Thom Bell, Legendary Philly Soul Producer And Songwriter, Dead At 79

Thom Bell, the legendary Jamaican-born Philadelphian producer, arranger and songwriter that helped pioneer the Philly soul sound in the 1970s, has died at the age of 79. His cause of death has not been disclosed.

Throughout the late ’60s and early ’70s, Bell wrote and produced a number of hits, particularly with the Delfonics, the Stylistics and the Spinners. Some of his most well-known works include the Delfonics’ ‘La-La Means I Love You’, the Stylistics’ ‘Stop, Look, Listen (To Your Heart)’ and ‘You Are Everything’, the Spinners’ ‘Rubberband Man’ and ‘Mama Can’t Buy You Love’ by Elton John.

Alongside Kenny Gamble and Leon Huff as the Mighty Three, Bell is credited with co-creating “The Sound of Philadelphia”. Together, the trio founded Philadelphia International Records in 1971.

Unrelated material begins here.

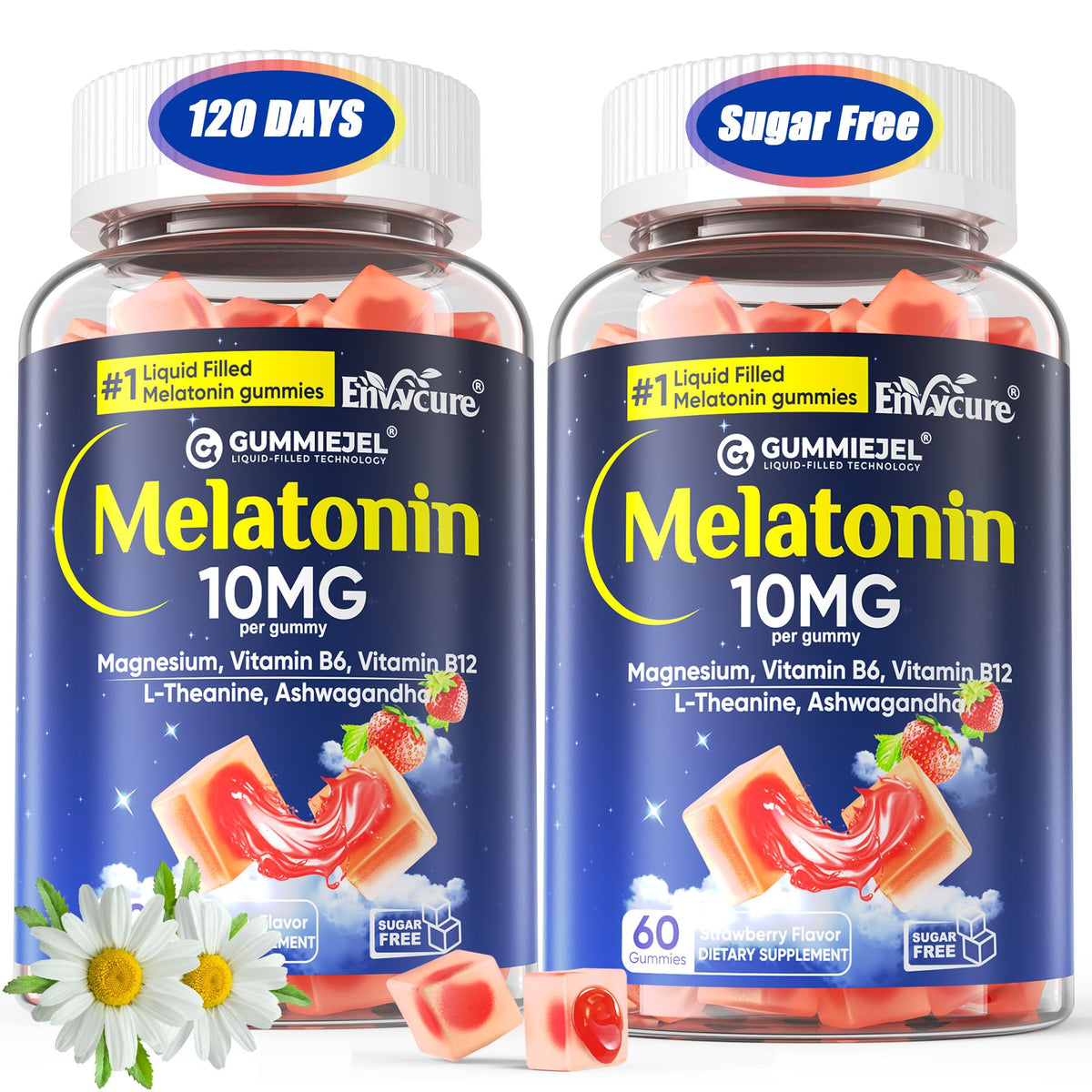 Bouteille de gummies de mélatonine EnvyCure 10mg 20mg vue de face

As Rolling Stone reports, both of Bell’s longtime collaborators paid tribute to him in a press statement. “Tommy and I have been best friends for over 60 years,” Gamble said. “Leon Huff and I were proud to have him as part of our Mighty Three music writing team, which helped create our signature brand of TSOP. He was a great talent and my dear friend. The name of Gamble Huff and Bell will last forever. Rest in peace buddy!”

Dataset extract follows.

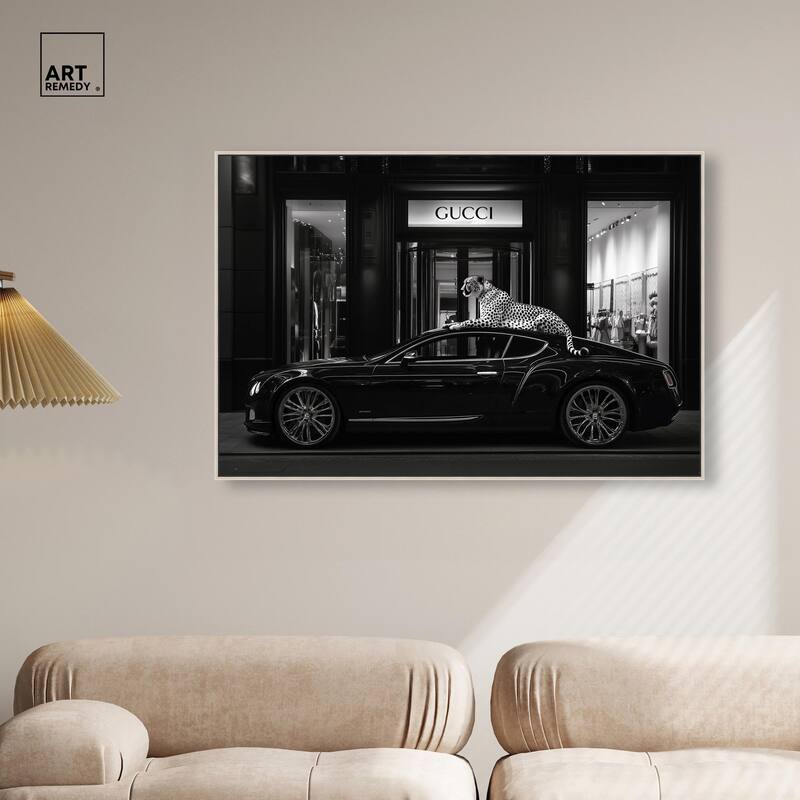 Cheetah and Sports Car Store Canvas by Art Remedy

In his own statement, Huff added: “Thom Bell was my favorite musician, arranger, songwriter, and music producer of all time. It was my esteemed honor and pleasure to work with him creatively and as a business partner. Rest in peace.”

Bell was born in Jamaica in 1943, but moved to Philadelphia with his family as a child. He played drums and studied classical piano as a child, and performed alongside Gamble in their band the Romeos in his teen years. His first big break came when he began working as a session player and arranger for Cameo Records.

After working with the Delfonics in the late ’60s – including writing and producing the Grammy-winning ‘Didn’t I (Blow Your Mind This Time)’ – the early ’70s saw him teaming up with songwriter Linda Creed. Bell and Creed wrote and produced several hits for the Stylistics, including ‘Stop, Look, Listen (To Your Heart)’, ‘You Are Everything’, ‘People Make The World Go Round’, ‘Betcha By Golly, Wow’, ‘I’m Stone In Love With You’ and others.

He also helped revitalise the Spinners following their move to Atlantic Records, producing five gold records for the group. Hits included ‘I’ll Be Around’, ‘Could It Be I’m Falling In Love’, ‘Games People Play’ and ‘Rubberband Man’.

Bell’s other notable works included producing Dionne Warwick‘s 1975 album ‘Track Of The Cat’, collaborating with Deniece Williams in the early 1980s, and working with Elton John on the 1979-released ‘The Thom Bell Sessions’ EP. That EP featured both ‘Mama Can’t Buy You Love’ and the Spinners-backed ‘Are You Ready For Love’.

Among Bell’s accolades, he won Producer of the Year at the Grammy Awards in 1975, and in 2017, was honoured by the Recording Academy at the Grammy Salute to Music Legends. In 2006, he was inducted into the Songwriters Hall of Fame.